Nun wissen wir also, dass es gut 100 Hinweise auf angebliche Gewalttäter/innen gibt, die beim Hamburger G20 Gipfel randaliert haben sollen. Die Polizei hat in einer noch nie dagewesenen Weise zur Fahndung 107 Fotos ins Netz gestellt, um derer Herr zu werden, die an mehreren Tatorten auffällig gewesen sein sollen. Der Leser erinnert sich, die zwanzig wichtigsten Industrie- und Schwellenländer versammelten sich am 7. und 8.Juli 2017 in Hamburg, um irgendwas gegen den Hunger in der Welt zu tun und dies vor allem in Afrika.
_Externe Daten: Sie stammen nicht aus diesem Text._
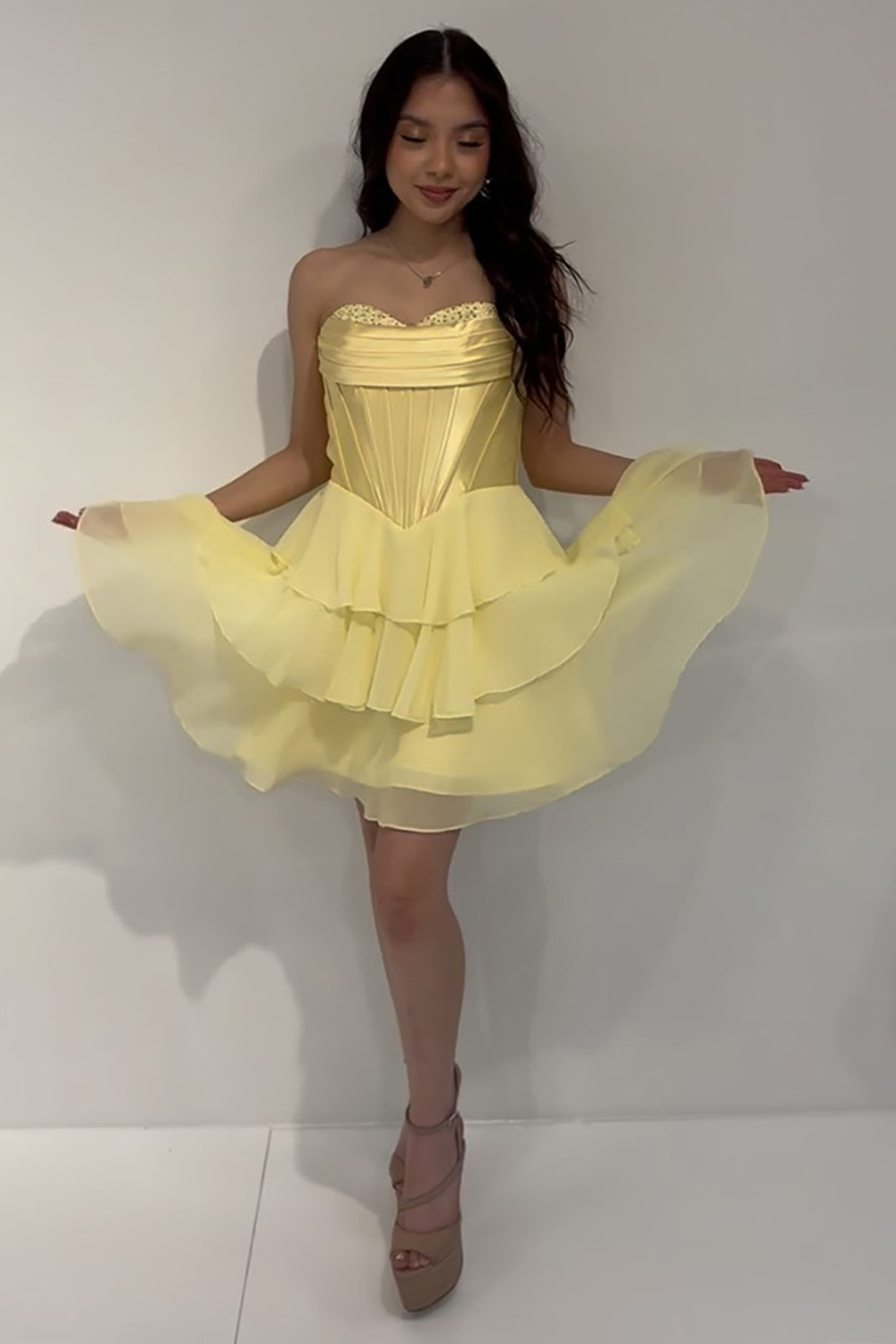 Yellow Corset Ruffled A Line Short Homecoming Dress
Der Veranstaltungsort Hamburg war Angela Merkels Wunsch. Deutschland war Einladungsland des G20-Gipfels und Merkel präsidierte. Allerdings entgegen ihrer Aussage waren weder Bundespolizei noch das Bundesamt für Verfassungsschutz in die Vorbereitungen eines Sicherheitskonzepts für den Gipfel einbezogen. War dies alles nur Ausdruck größtmöglicher Naivität der politisch Verantwortlichen, und wo möglich war Hamburgs Erster Bürgermeister Olaf Scholz so geschmeichelt, dass er glaubte, die Anwesenheit von 30 000 Polizisten und ein wenig überzeugendes Sicherheitskonzept wären für einen solchen Gipfel schon ausreichend?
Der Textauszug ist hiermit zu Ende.